Income taxes are accounted for under the asset and liability method. Deferred tax assets and liabilities are recognized for the future tax consequences attributable to differences between the financial statement carrying amounts of existing assets and liabilities and their respective tax bases and operating loss and tax credit carryforwards. Deferred tax assets and liabilities are measured using enacted tax rates expected to apply to taxable income in the years in which those temporary differences are expected to be recovered or settled. The effect on deferred tax assets and liabilities of a change in tax rates is recognized in income in the period that includes the enactment date.

Net Income Per Share

Basic net income per share amounts were computed by dividing net income by the weighted average number of common shares outstanding. Diluted net income per share amounts were computed by dividing net income by the weighted average number of common shares outstanding plus dilutive potential common shares calculated for stock options outstanding using the treasury stock method.

Stock-Based Compensation

The Company accounts for its stock-based compensation arrangements for employees using the intrinsic-value method for stock-based awards to employees. Compensation expense is recorded for the Company's stock options on the date of grant, to the extent the fair value of the underlying common stock exceeds the exercise price for stock options or the purchase price for common stock. Options granted to consultants and other non-employees are accounted for at fair value.

Comprehensive Income

The Company has no items of other comprehensive income in any period presented. Therefore, net income as presented in the Consolidated Statements of Income equals comprehensive income.

Segment Reporting

All of the Company's facilities are aggregated into one reportable segment given the similarities of economic characteristics between the operations represented by the facilities and the common nature of the products, customers and methods of revenue generation.

Use of Estimates

Management of the Company has made a number of estimates and assumptions relating to the reporting of assets and liabilities and the disclosure of contingent assets and liabilities to prepare these financial statements in conformity with accounting principles generally accepted in the United States of America. Actual results could differ from those estimates.
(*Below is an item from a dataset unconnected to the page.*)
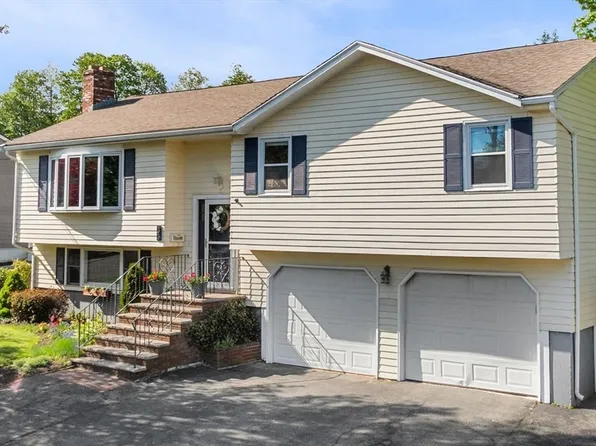 20 W Park Dr, Wakefield, MA 01880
Business Combinations and Goodwill

On August 1, 2001, the Company adopted Financial Accounting Standards Board ("FASB") Statement of Financial Accounting Standards ("SFAS") No. 141, "Business Combinations," and SFAS No. 142, "Goodwill and Other Intangible Assets." SFAS No. 141 requires that the purchase method of accounting be used for all business combinations and that certain acquired intangible assets be recognized as assets apart from goodwill. The adoption of SFAS No. 141 had no impact on the Company's results of operations or financial position. SFAS No. 142 provides that goodwill should not be amortized but instead be tested for impairment annually at the reporting unit level (note 13).

39



Impairment of Long-Lived Assets

The Company evaluates long-lived assets and certain identifiable intangibles for impairment whenever events or changes in circumstances indicate that the carrying amount of an asset may not be recoverable. Recoverability of assets is measured by a comparison of the carrying amount of an asset to estimated undiscounted future cash flows expected to be generated by the asset. If such assets are considered to be impaired, the impairment to be recognized is measured by the amount by which the carrying amount of the property and equipment exceeds its fair market value.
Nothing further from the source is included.